To determine if bytes in byte strings are line breaks (or whitespace), Python uses the rules of ASCII control characters. By that measure, bytes 10 and 13 are line break characters (and Python treats byte 13 followed by 10 as a single line break).

But to determine if characters in Unicode strings are line breaks, Python follows the character classifications of the Unicode Character Database, documented at UAX #44, and of the UAX #14 Line Breaking Algorithm, section 5 Line Breaking Properties. According to Issue 7643, these documents identify three character properties which identify a character as a linebreak for Python's purposes:

General Category Zl "Line Separator"
General Category Zp "Paragraph Separator"
Bidirectional Class B "Paragraph Separator"

Characters 28 (0x001C), 29 (0x001D), and 30 (0x001E) have those character properties. Character 31 (0x001F) does not. Why? That's a question for the Unicode Technical Committee. But in ASCII, these characters were known as "File Separator", "Group Separator", "Record Separator", and "Unit Separator". Using a tabbed text data file as a comparison, the first three connote at least as much separation as a line break does, while the fourth is perhaps analogous to the tab.

You can see the code which actually defines these three Unicode characters as being line breaks in Python Unicode strings in Objects/unicodeobject.c.
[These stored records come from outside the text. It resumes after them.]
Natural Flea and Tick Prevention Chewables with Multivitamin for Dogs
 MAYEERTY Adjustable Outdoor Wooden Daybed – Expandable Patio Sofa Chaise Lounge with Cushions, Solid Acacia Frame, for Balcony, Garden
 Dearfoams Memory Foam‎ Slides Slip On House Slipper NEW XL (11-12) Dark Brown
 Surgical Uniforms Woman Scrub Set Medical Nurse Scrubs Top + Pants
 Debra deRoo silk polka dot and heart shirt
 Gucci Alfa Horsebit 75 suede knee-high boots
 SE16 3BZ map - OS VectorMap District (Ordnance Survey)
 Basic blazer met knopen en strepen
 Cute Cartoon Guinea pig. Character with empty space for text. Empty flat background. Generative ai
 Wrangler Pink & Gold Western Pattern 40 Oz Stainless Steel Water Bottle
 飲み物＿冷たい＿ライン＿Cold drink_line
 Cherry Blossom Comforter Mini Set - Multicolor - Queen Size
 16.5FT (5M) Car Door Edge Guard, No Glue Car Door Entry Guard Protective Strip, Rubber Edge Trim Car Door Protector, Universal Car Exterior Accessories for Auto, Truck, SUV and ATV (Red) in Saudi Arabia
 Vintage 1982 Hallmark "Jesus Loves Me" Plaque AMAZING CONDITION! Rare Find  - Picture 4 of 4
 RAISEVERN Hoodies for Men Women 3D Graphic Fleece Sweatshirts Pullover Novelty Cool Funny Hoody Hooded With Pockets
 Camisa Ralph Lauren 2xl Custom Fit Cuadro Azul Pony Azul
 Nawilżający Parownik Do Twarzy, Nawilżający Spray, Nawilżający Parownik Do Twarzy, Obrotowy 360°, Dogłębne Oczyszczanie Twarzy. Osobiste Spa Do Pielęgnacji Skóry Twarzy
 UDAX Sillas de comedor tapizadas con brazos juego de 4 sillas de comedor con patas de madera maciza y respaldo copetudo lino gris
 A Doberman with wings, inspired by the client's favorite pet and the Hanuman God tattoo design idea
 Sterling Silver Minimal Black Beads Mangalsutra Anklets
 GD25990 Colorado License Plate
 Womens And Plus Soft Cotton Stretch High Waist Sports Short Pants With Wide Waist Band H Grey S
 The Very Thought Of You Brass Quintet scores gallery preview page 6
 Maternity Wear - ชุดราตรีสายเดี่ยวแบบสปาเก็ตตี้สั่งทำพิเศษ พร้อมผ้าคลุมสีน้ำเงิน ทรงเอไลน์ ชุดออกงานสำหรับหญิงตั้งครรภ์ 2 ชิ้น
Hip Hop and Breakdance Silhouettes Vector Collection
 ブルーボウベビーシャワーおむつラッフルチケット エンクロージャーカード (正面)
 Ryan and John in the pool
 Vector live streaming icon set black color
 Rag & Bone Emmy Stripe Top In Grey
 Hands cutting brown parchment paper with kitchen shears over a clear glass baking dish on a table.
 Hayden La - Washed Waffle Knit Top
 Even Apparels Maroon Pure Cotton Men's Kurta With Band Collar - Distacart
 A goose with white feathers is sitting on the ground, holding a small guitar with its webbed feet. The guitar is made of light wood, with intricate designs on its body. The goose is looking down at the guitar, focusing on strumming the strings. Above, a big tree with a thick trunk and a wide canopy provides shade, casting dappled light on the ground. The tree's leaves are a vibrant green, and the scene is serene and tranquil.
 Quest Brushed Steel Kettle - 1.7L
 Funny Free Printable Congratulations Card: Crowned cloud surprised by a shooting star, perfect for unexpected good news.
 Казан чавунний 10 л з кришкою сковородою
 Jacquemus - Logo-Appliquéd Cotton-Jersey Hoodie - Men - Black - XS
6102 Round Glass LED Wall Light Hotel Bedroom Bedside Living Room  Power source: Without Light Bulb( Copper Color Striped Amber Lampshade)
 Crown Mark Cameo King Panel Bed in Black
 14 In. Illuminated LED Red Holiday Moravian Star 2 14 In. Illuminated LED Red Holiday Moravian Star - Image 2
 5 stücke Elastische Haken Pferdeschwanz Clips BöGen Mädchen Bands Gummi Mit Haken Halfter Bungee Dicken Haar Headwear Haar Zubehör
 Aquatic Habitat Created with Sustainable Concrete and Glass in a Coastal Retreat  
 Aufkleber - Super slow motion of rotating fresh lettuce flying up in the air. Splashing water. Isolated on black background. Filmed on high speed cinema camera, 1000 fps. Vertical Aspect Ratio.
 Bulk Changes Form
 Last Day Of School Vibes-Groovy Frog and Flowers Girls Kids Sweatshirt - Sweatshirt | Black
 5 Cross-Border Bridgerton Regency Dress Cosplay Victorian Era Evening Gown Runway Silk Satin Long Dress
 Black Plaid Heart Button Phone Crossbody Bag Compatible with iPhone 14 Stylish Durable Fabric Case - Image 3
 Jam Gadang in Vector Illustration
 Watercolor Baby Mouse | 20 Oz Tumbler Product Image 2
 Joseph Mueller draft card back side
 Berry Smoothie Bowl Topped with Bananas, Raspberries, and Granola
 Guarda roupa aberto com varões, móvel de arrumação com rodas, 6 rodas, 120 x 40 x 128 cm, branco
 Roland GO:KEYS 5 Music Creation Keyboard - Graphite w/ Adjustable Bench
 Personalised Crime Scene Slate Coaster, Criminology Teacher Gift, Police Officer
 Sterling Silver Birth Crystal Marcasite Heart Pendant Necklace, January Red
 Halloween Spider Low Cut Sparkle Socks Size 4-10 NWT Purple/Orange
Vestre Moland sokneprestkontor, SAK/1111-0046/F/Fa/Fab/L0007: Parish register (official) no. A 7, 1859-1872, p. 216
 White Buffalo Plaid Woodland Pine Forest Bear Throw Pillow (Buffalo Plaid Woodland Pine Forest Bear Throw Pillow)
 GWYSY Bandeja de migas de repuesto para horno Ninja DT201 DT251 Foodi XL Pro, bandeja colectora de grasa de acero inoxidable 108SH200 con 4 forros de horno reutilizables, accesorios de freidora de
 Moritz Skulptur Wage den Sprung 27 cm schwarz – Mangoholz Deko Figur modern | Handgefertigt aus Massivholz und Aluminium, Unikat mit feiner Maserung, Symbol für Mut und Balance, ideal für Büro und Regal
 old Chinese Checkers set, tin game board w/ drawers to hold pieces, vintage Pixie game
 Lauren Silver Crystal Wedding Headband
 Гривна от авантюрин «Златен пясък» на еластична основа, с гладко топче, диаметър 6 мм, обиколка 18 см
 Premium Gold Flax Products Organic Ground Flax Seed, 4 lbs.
Look for array ascii_linebreak[]. This array underlies the implementation of unicode.splitlines(). Different code underlies str.splitlines(). I believe, but haven't traced it in the Python source code, that enumerate() on a file opened with codecs.open() is implemented in terms of unicode.splitlines().

You ask, "how can I prevent it from doing so?" I don't see any way to make splitlines() behave differently. However, you can open the file as a byte stream, read lines as bytes with the str.splitlines() behaviour, then decode each line as UTF-8 for use as a unicode string:

with open('unicodetest.txt', 'r') as f:
  for i,l in enumerate(f):
    print i, l.decode('UTF-8')
# prints "0 abcde" with special characters in between.

I assume you are using Python 2.x, not 3.x. My answer is based on Python 2.7.